DATASET SECTION Start Marker
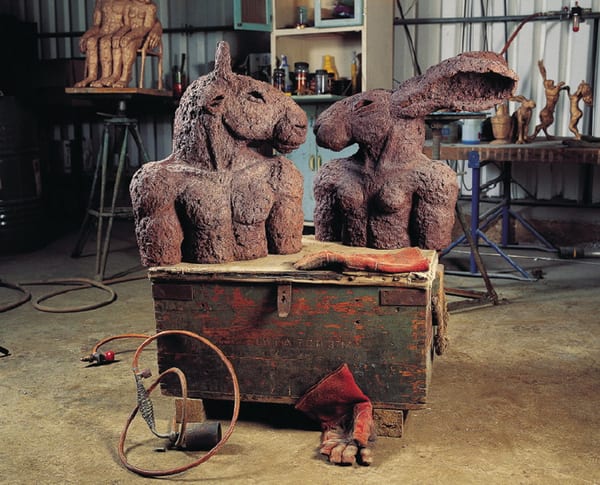 Sophie Ryder, Minotaur and Lady Hare Torsos, 2000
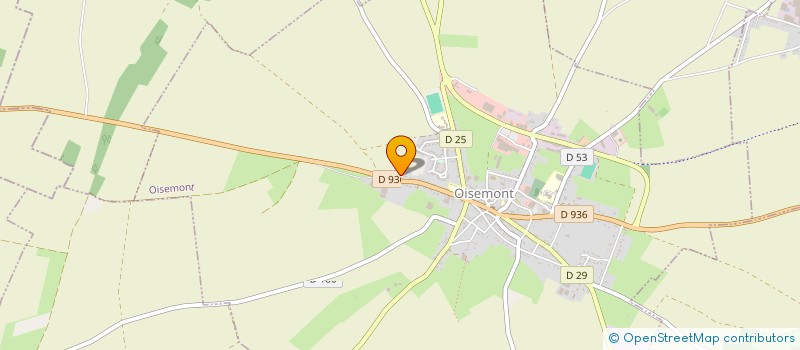 localisation de l'entreprise SERRURERIE METALLERIE ODIOT  OISEMONT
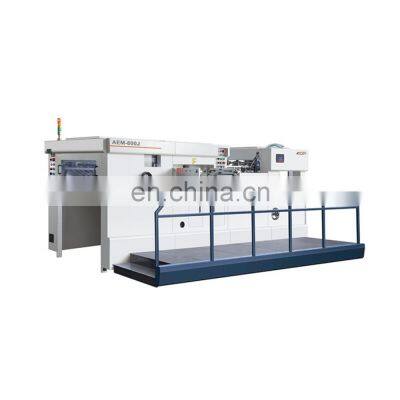 Automatic dual-purpose flatbed die cutting machine with waste stripping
DATASET SECTION End Marker
The copy must start at the line containing "localisation de l'entreprise" and stop at the last line of the listing, both included, with every line exact and no pictures.

(SOLVED PROBLEM)
 localisation de l'entreprise SERRURERIE METALLERIE ODIOT  OISEMONT
 Automatic dual-purpose flatbed die cutting machine with waste stripping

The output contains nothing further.